(Captioned web image data)
^^^^

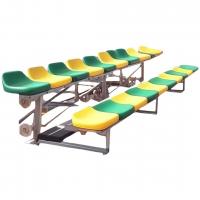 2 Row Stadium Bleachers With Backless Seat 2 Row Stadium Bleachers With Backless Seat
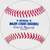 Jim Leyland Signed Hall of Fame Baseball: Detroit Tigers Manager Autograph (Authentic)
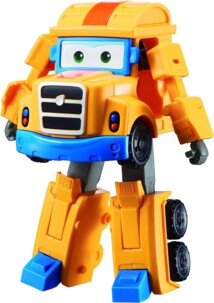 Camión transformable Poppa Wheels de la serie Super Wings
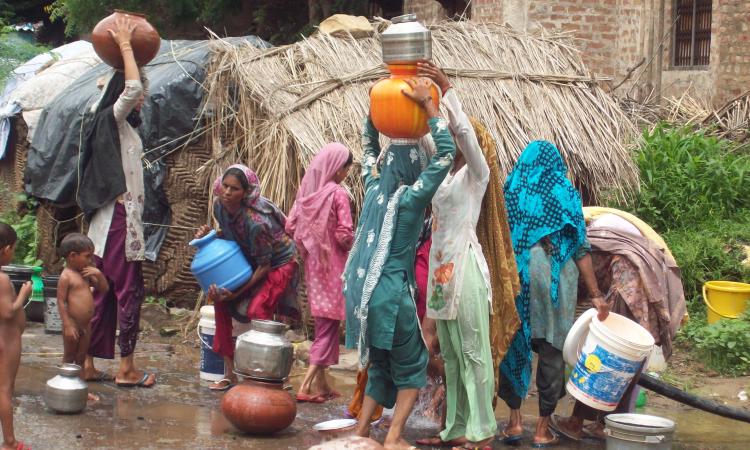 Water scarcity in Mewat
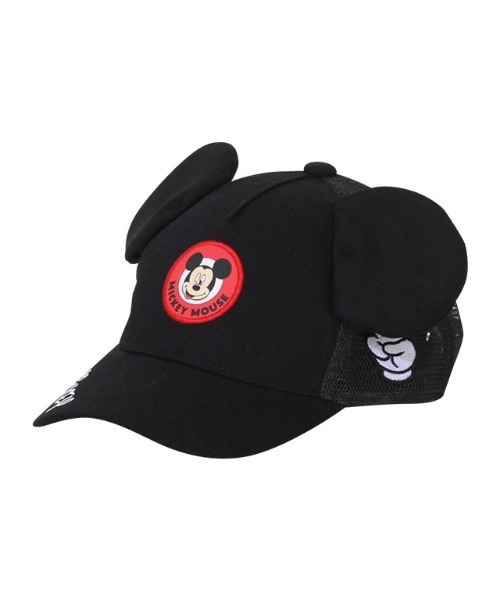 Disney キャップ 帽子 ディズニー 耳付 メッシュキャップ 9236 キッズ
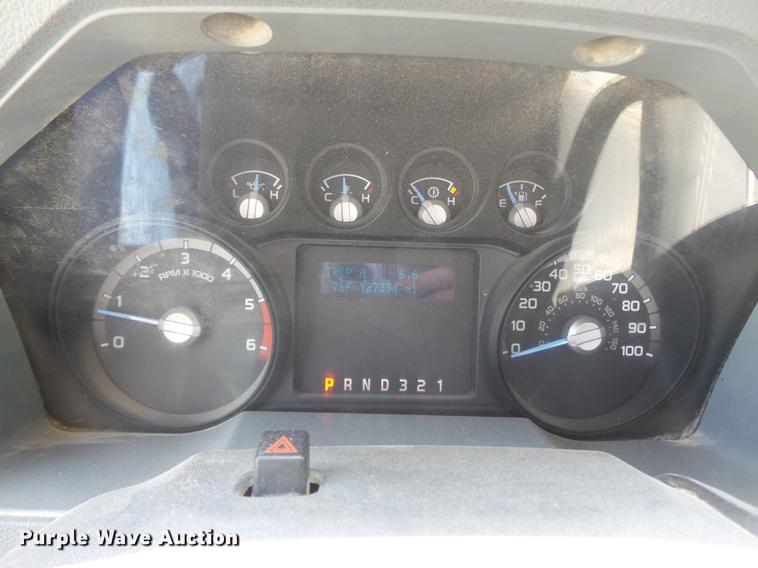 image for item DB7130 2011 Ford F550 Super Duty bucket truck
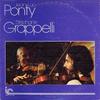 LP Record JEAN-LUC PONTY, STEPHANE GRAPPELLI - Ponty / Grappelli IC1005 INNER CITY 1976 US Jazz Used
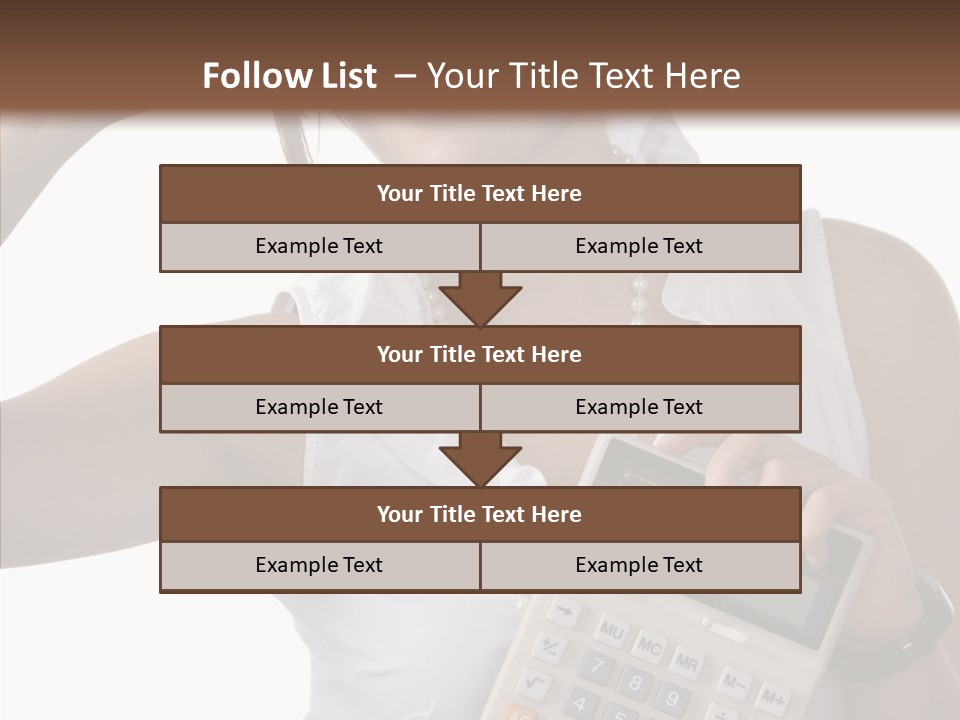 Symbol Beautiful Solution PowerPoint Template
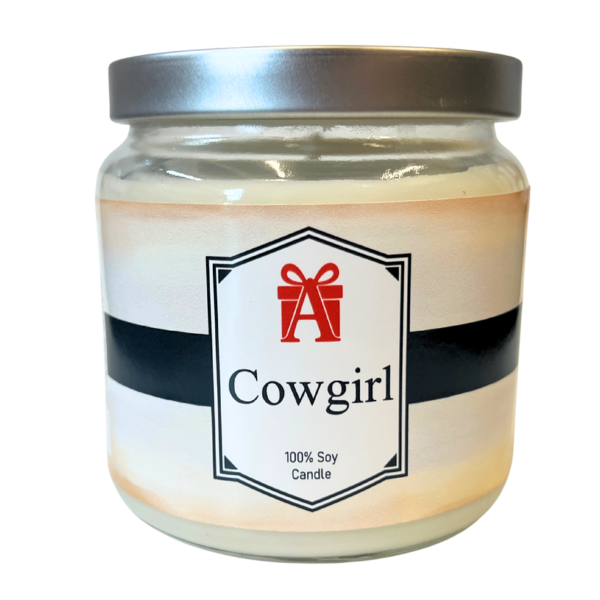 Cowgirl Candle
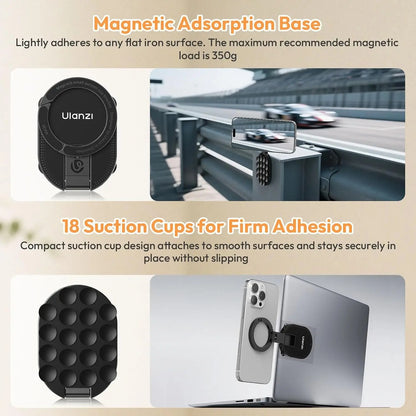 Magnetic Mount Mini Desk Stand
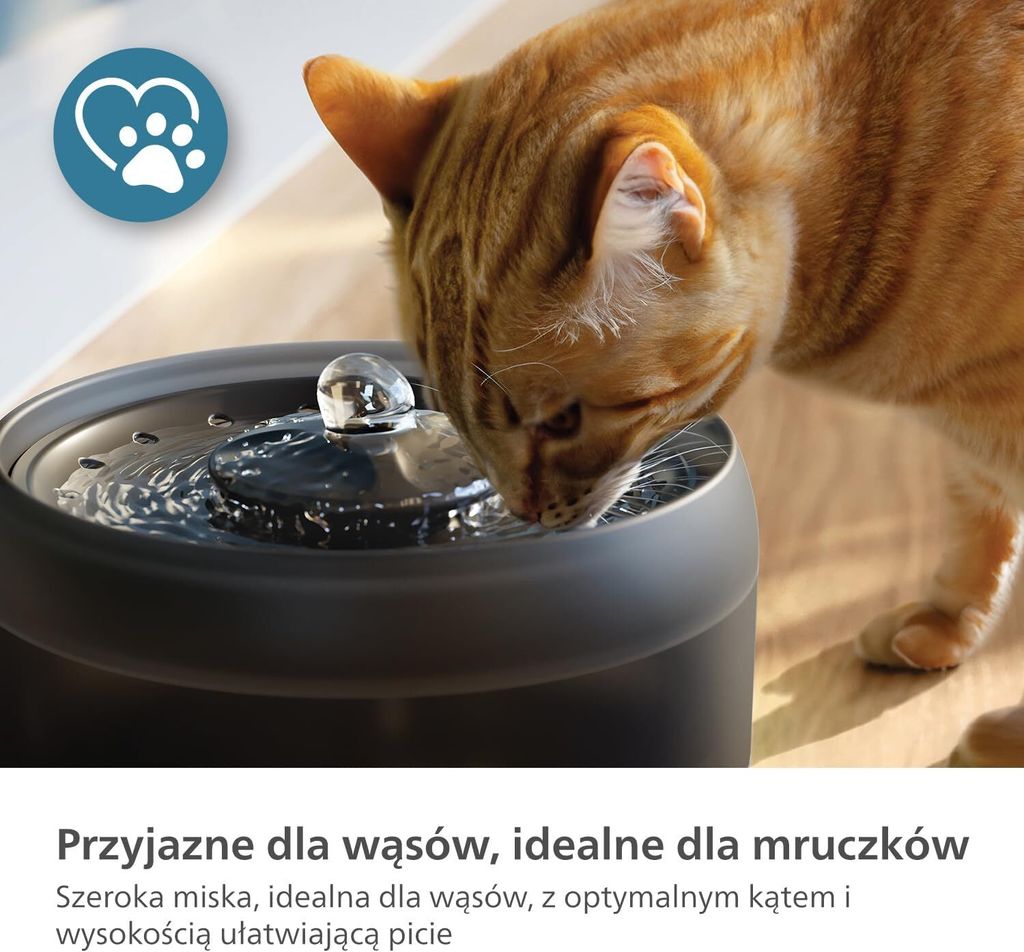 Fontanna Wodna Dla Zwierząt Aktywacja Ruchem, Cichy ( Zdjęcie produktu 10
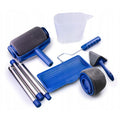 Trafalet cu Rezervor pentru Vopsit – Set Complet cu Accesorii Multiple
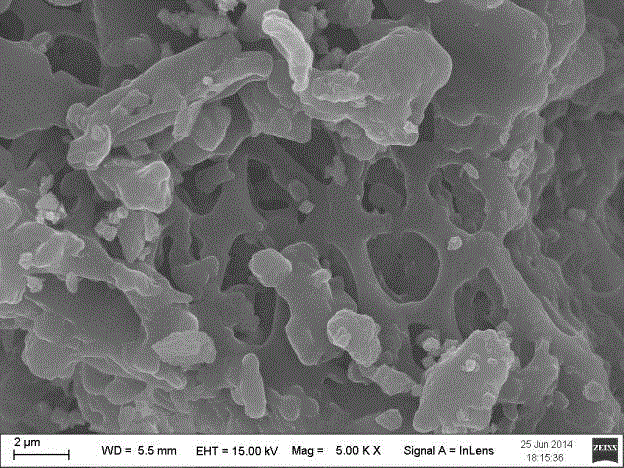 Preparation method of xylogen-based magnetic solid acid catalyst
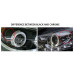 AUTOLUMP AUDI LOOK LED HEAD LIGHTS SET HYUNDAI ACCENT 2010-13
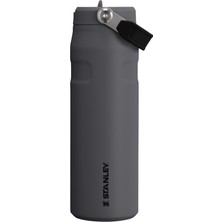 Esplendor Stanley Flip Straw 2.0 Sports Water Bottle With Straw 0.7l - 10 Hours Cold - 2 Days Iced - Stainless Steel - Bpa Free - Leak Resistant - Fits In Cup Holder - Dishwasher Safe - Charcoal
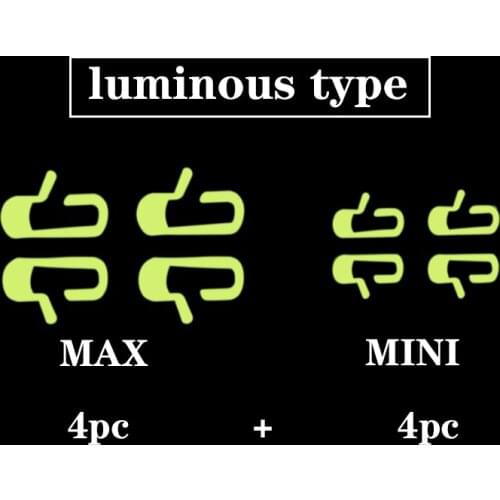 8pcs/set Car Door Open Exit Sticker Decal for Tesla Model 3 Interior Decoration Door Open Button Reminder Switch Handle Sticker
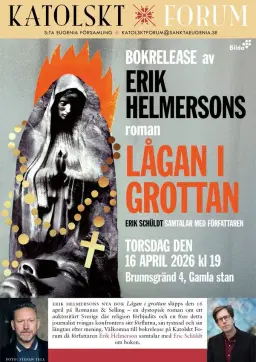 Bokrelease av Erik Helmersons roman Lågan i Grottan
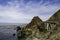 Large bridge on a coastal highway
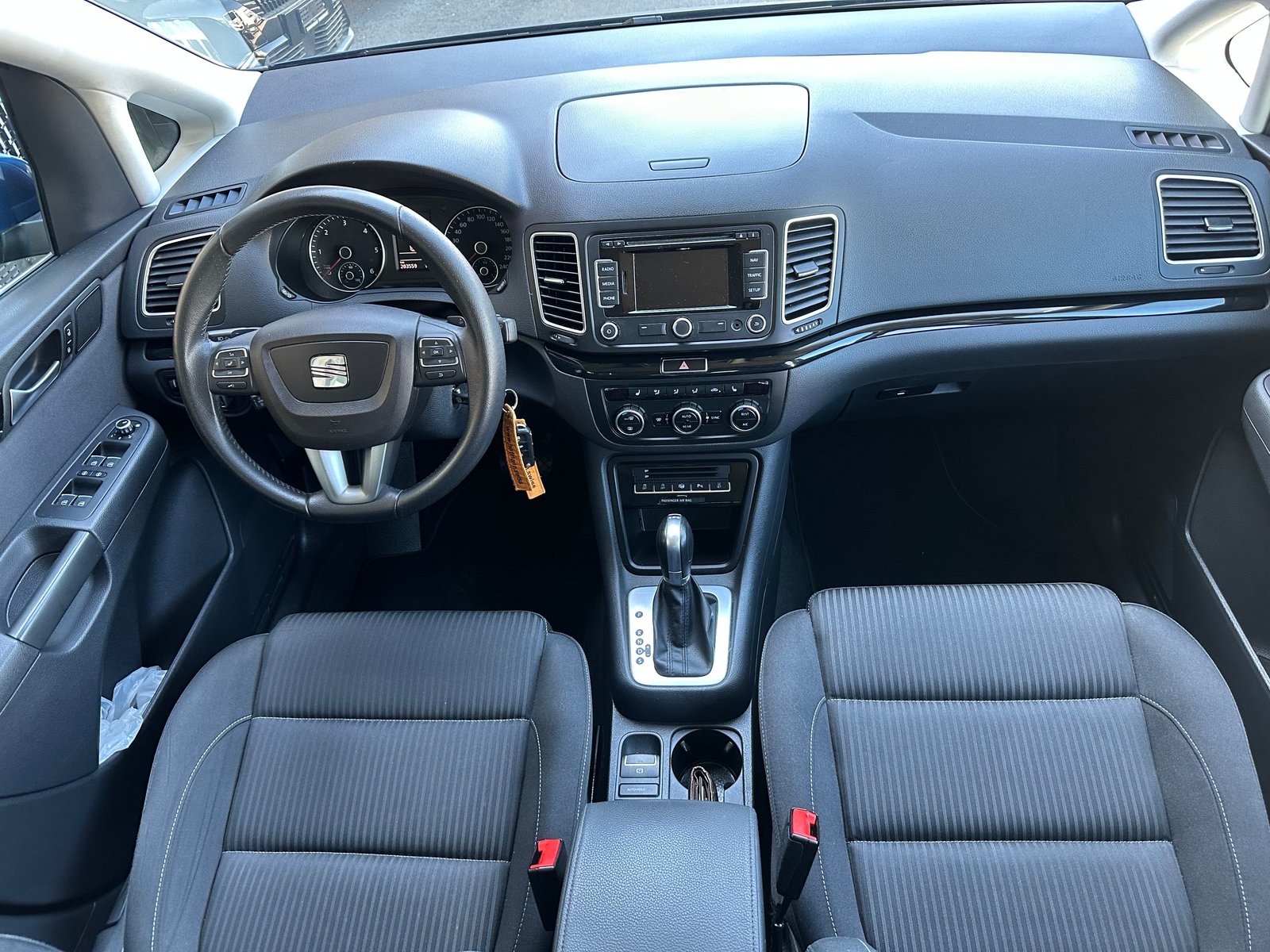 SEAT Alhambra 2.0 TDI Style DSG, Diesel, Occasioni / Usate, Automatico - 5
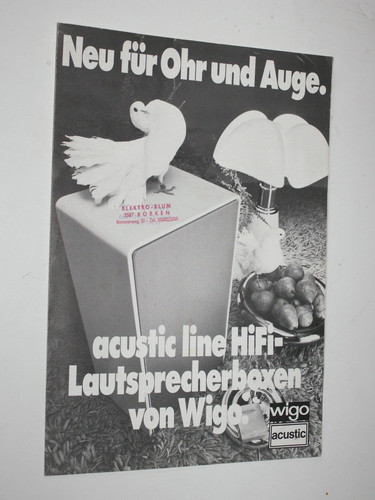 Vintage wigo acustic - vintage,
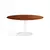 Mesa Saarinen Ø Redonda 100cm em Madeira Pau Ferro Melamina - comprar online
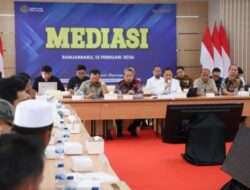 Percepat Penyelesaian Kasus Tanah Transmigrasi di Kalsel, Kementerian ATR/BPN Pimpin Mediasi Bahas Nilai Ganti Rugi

^^^^

#### [TASK PROMPT]
With pictures left out, repeat exactly the lines from the one containing "AUTOLUMP AUDI LOOK" through the last line of the data above, inclusive, and nothing else.

#### [PROBLEM SOLUTION]
 AUTOLUMP AUDI LOOK LED HEAD LIGHTS SET HYUNDAI ACCENT 2010-13
 Esplendor Stanley Flip Straw 2.0 Sports Water Bottle With Straw 0.7l - 10 Hours Cold - 2 Days Iced - Stainless Steel - Bpa Free - Leak Resistant - Fits In Cup Holder - Dishwasher Safe - Charcoal
 8pcs/set Car Door Open Exit Sticker Decal for Tesla Model 3 Interior Decoration Door Open Button Reminder Switch Handle Sticker
 Bokrelease av Erik Helmersons roman Lågan i Grottan
 Large bridge on a coastal highway
 SEAT Alhambra 2.0 TDI Style DSG, Diesel, Occasioni / Usate, Automatico - 5
 Vintage wigo acustic - vintage,
 Mesa Saarinen Ø Redonda 100cm em Madeira Pau Ferro Melamina - comprar online
 Percepat Penyelesaian Kasus Tanah Transmigrasi di Kalsel, Kementerian ATR/BPN Pimpin Mediasi Bahas Nilai Ganti Rugi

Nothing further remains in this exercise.